Lorsque l’employeur est dans l’impossibilité de proposer un poste de reclassement au salarié déclaré inapte, il doit lui notifier, par écrit, les motifs qui s’opposent à son reclassement avant d’engager la procédure de rupture du contrat de travail (articles L.1226-2-1 et L.1226-12 du code du travail). La Cour de cassation décide, sans surprise, que la violation par l’employeur de cette obligation ne cause pas nécessairement un préjudice au salarié.
La décision ne surprend pas car elle se situe dans la continuité de la jurisprudence de la Cour de cassation qui, depuis 2016 et l’abandon du principe général du préjudice nécessaire, décide de manière constante que l’existence d’un préjudice et l’évaluation de celui-ci relèvent du pouvoir souverain d’appréciation des juges du fond (arrêt du 13 avril 2016).

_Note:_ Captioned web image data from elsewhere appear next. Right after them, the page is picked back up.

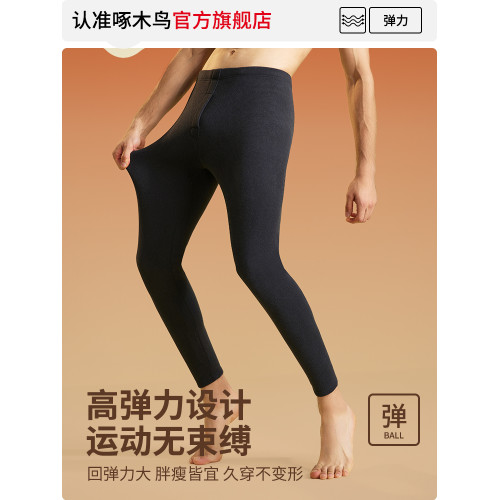 校服神器2024鼕季加毧加厚保暖褲內搭高中生學生青少年男打底鞦褲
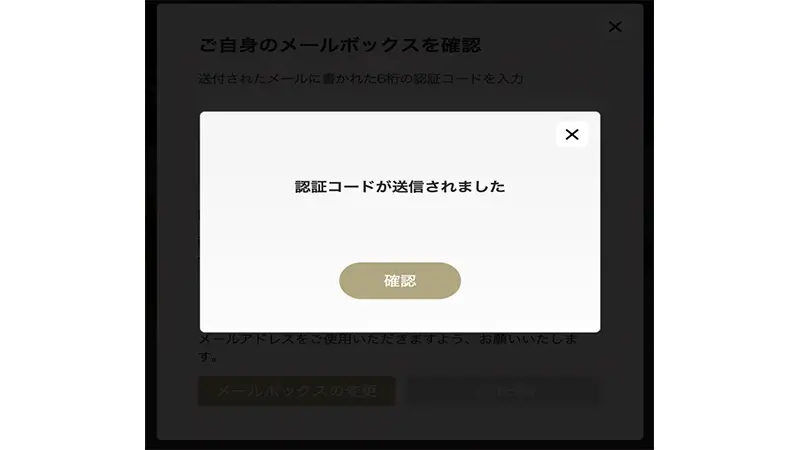 勝WINカジノ入金不要ボーナスの受け取り方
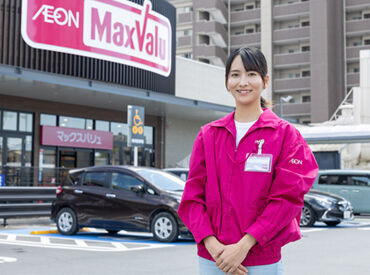 ・スーパーでのお仕事が初めて
・アルバイトが初めて
⇒皆さん大歓迎です!!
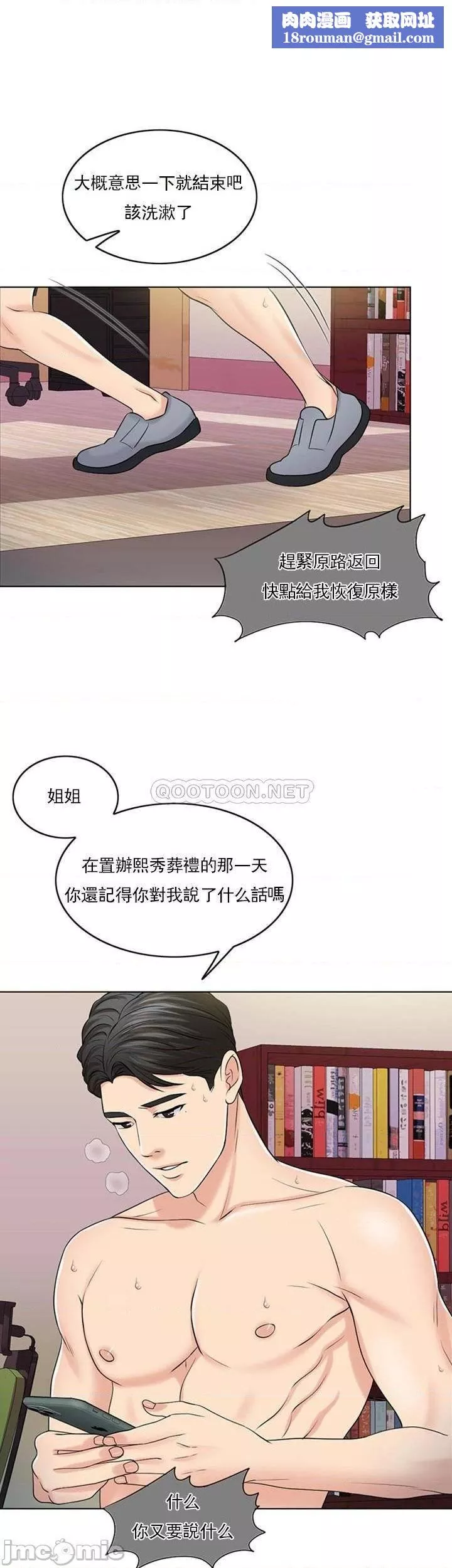 千日的新娘第39話-也許這樣就足夠了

Les seules exceptions à ce principe sont :
- d’une part, les hypothèses dans lesquelles une disposition légale de droit du travail ou de droit commun prévoit une indemnisation (par exemple, la réparation de la perte injustifiée de l’emploi en cas de licenciement sans cause réelle et sérieuse, arrêt du 13 septembre 2017 ; arrêt du 12 juin 2024) ;
- d’autre part, les cas dans lesquels l’allocation de dommages-intérêts est le seul moyen d’assurer l’effectivité d’une obligation de l’employeur prévue par des dispositions européennes ou internationales d’effet direct (par exemple, le non-respect du congé de maternité : arrêt du 4 septembre 2024 ; le non-respect de l’arrêt maladie et du temps de pause quotidien : arrêt du 4 septembre 2024).
► Ce manquement de l’employeur, lorsqu’il est établi et qu’il cause un préjudice au salarié, le rend redevable d’une indemnité en réparation du préjudice subi qui ne se cumule pas avec l’indemnité pour licenciement sans cause réelle et sérieuse (arrêt du 18 novembre 2003 ; arrêt du 28 mai 2014).